Rita Devyatova
Nov 2 · 1 min read

“An American Tragedy”: Some Little Notes on the Style

While I’m reading more and more, I notice that the author’s style is rather heavy, if I can put it this way: he draws on very long descriptions, complex sentences with more than four subordinate clauses, sometimes expressing very simple thoughts or facts in a very complex way. However, the stylistic devices which Dreiser uses are very imaginative and just beautiful.

For example, this metaphor made me feel like I myself was in some picturesque garden, lit by the soft rays of the rising sun:

“And in the orchard of a spring day later, between her fourteenth and eighteenth years when the early May sun was making pink lamps of every aged tree and the ground was pinky carpeted with the falling and odorous petals, she would stand and breath and sometimes laugh…”

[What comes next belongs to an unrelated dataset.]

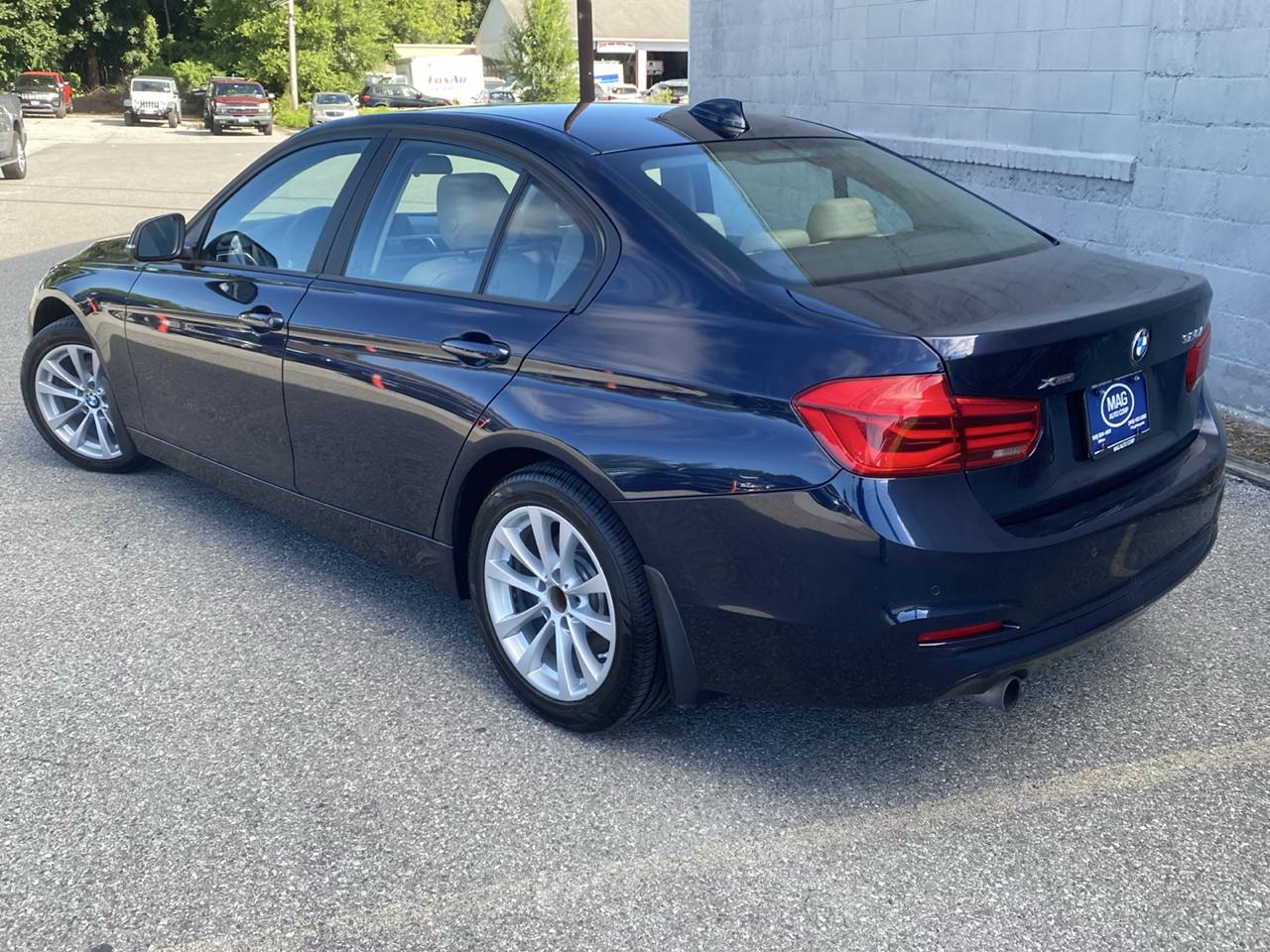 BMW 3-Series 320i xDrive Sedan 2017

Or, for instance, isn’t this combination of simile and personification just so accurate?

“The house itself, while primarily a charming example of that excellent taste which produced those delightful gabled homes which embellished the average New England town and street, had been by now reduced for want of paint, shingles and certain flags which had once made a winding walk from a road gate to the front door, that it presented a decidedly melancholy aspect to the world, as though it might be coughing and saying: “Well, things are none to satisfactory with me.”

An old dilapidated house is compared with an old man, who has long and eventful life behind his shoulders, but now can do nothing but cough and complain.